We had decided to make a weekend of it, so once we were back on dry land we explored Rockingham (pleasant enough but not much to it apart from a beach and some nice restaurants and coffee shops) before heading down to Yalgorup National Park. We spent a little time on Preston Beach within the National Park before heading to our campsite for the night, Martin's Tank. National Park campsites are basic (long drop toilets and no running water) but very convenient to those on a budget wanting to get away from the confines of the cramped family campsites. It took about half an hour down an incredibly bumpy sand track to get there (doing wonders to Eric's suspension, I'm sure).  The National Park was fairly dense forest and bushland, and we saw quite a few spiders in the shrubs behind the van, including a beautiful Jewel spider with lots of colourful spikes on it's back. They aren't poisonous thankfully.  The next day we went down to Bunbury for a picnic on the beach, and a "gosh, I wonder why people have recommended this place" moment (no offence intended, the kind of place which would be fine if you lived there but not much point making a special trip), before making our way home via some thrombolites at Lake Clifton, in Yalgorup National Park. Thrombolites, 'living rocks', are the most common form of microbialites, which are rock-like structures built by micro-organisms. Thrombolites and stromatolites were the only known form of life on Earth some 3500 to 6500 million years ago. Microbes found in both thrombolite and stromatolite formations are believed to be responsible for oxygen production which allowed life to exist on the planet. So they're pretty important things – although it's hard to truly appreciate that as you gaze down at the grey blobs in front of you. As Bill Bryson so eloquently puts it; 'They are lusterless and grey and look ... like very large cow pats. But it is a curiously giddying moment to find yourself staring at living remnants of the Earth as it was 3.5 billion years ago.'

December also marked the seasonal opening of our local outdoor cinema. We went to see We Need to Talk About Kevin, which we thoroughly enjoyed, although Charlotte found it harder going than the book, and was slightly disturbed by Kevin being far too pretty. The cinema itself is very cute, and being set in a leafy walled garden, with a bar selling local beers and a wood-fired pizza oven, plus some live music on before the film. A lovely way to spend an evening.

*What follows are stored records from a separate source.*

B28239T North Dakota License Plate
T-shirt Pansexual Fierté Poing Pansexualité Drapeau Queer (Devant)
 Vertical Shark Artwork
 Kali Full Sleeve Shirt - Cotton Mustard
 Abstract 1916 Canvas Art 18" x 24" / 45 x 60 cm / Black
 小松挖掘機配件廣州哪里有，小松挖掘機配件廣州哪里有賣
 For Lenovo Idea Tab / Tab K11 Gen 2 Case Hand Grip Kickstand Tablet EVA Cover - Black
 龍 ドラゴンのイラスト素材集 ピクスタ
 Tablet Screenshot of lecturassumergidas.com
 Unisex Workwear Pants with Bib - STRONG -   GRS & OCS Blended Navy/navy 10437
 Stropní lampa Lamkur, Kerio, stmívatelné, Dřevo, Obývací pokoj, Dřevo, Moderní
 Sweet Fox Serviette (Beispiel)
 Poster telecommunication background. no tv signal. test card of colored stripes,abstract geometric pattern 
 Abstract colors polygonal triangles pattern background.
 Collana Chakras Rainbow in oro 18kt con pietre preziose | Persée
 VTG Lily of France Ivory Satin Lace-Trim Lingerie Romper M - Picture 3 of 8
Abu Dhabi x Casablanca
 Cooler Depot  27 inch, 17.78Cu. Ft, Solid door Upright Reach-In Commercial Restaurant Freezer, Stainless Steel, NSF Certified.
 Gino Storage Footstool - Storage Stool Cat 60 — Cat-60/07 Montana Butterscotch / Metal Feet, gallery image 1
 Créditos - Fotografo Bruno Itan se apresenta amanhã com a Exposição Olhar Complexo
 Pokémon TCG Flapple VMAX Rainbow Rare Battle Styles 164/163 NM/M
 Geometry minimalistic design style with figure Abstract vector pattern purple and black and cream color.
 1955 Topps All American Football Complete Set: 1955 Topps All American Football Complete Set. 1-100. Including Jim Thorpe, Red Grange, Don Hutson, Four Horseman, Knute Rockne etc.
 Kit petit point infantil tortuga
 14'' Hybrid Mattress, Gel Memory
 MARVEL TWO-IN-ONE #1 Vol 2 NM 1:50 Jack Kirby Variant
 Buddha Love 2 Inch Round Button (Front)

Quick beer reference: we finally opened the bottle of Brewdog AB:04 that Liam bought Charlotte for her birthday. The AB range is a specialist and limited line of experimental beers from Brewdog, and this one an Imperial Stout brewed with cacao, coffee and chilli. Interesting to say the least! Charlotte noted that as it was dark and very rich it might be more suited to the climate of Perth, Scotland than Perth, Australia.

It was strange in the run up to Christmas as it isn't as much of a big deal over here, but we were baffled that everyone we asked seemed to be spending the day itself inside with the air con on roasting a turkey.  A few people had Christmas lights up, but we didn't see a single Christmas tree.  We enjoyed the usual December festivities – namely pub going with friends and colleagues. Liam had two (TWO!) Christmas work do's to attend, one where he had to sit on Father Christmas's knee to receive a gift of a kangaroo scrotum! Not in its original state obviously, but made into a little leather-style pouch.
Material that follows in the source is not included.